Captioned web images
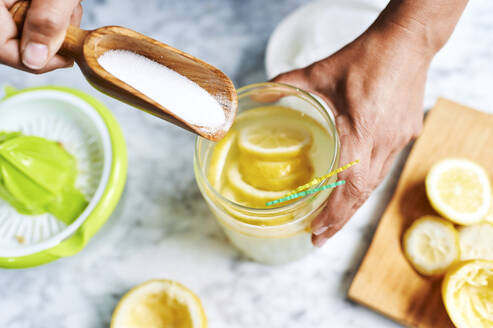 Hände einer Frau, die Zucker in einen Krug mit selbstgemachter Limonade gibt - KIJF03030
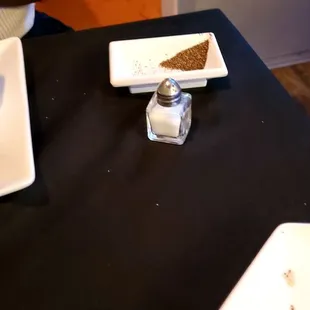 Salt and pepper in a dish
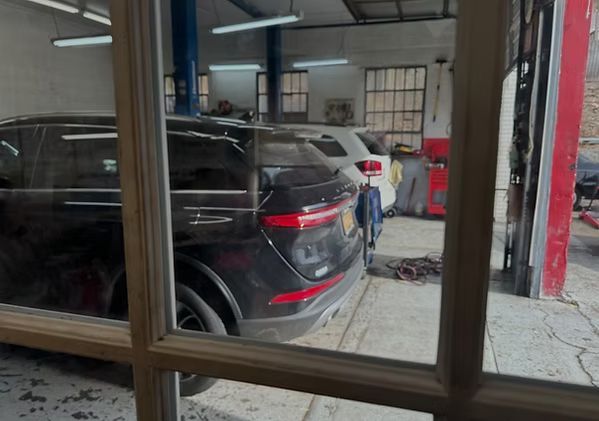Black SUV parked inside a garage, viewed through window panes | New Pegasus Automotive
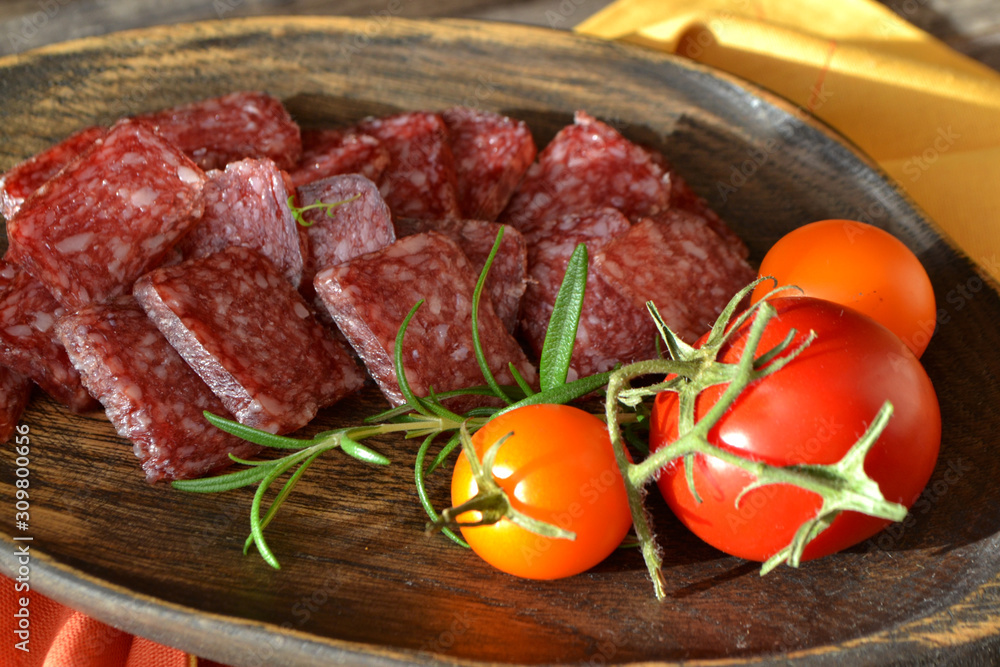 Dry sausage and Italian salami on raw wooden cutting board close up Dry sausage and Italian salami on raw wooden cutting board close up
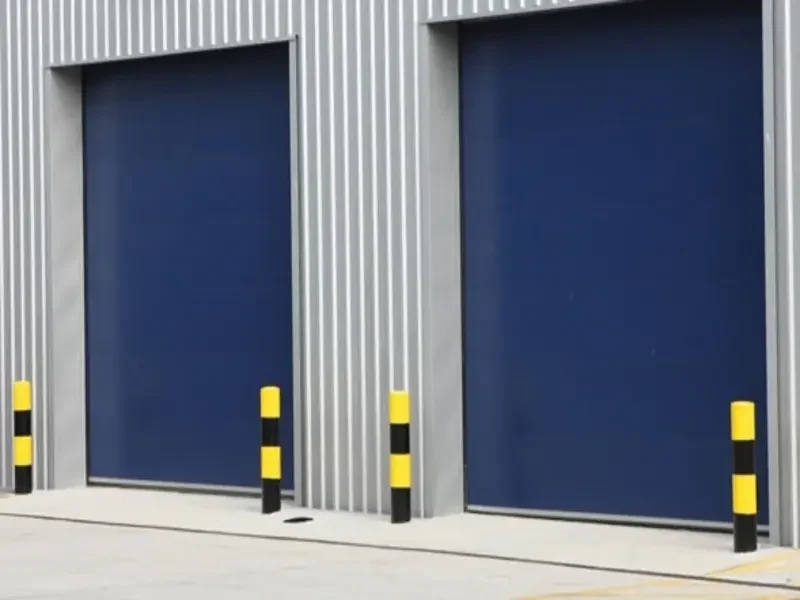 Two large blue commercial roll-up garage doors installed on a corrugated metal warehouse building with yellow and black safety bollards in front.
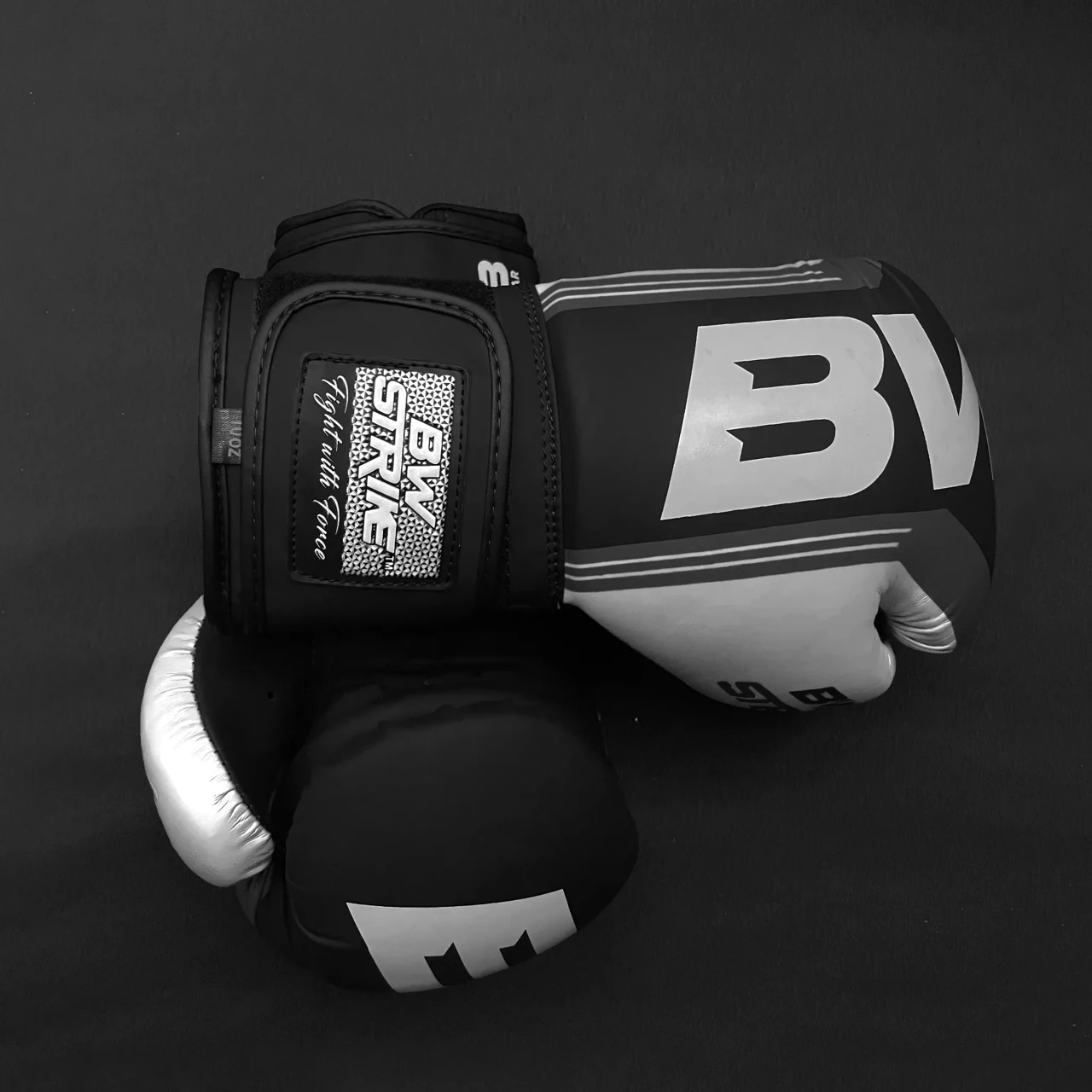 BW Strike product photography — Black and white glove product arrangement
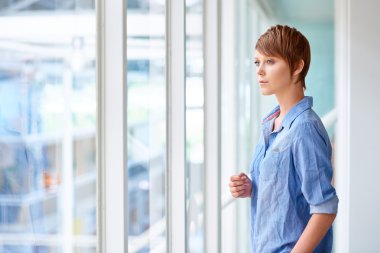 woman looking through large window in corridor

> [Aim of the task]: Copy exactly the lines that run from the line containing "BW Strike product" to the end of the data above, keeping both end lines and leaving out all pictures.

> [Exercise answer]:
 BW Strike product photography — Black and white glove product arrangement
 woman looking through large window in corridor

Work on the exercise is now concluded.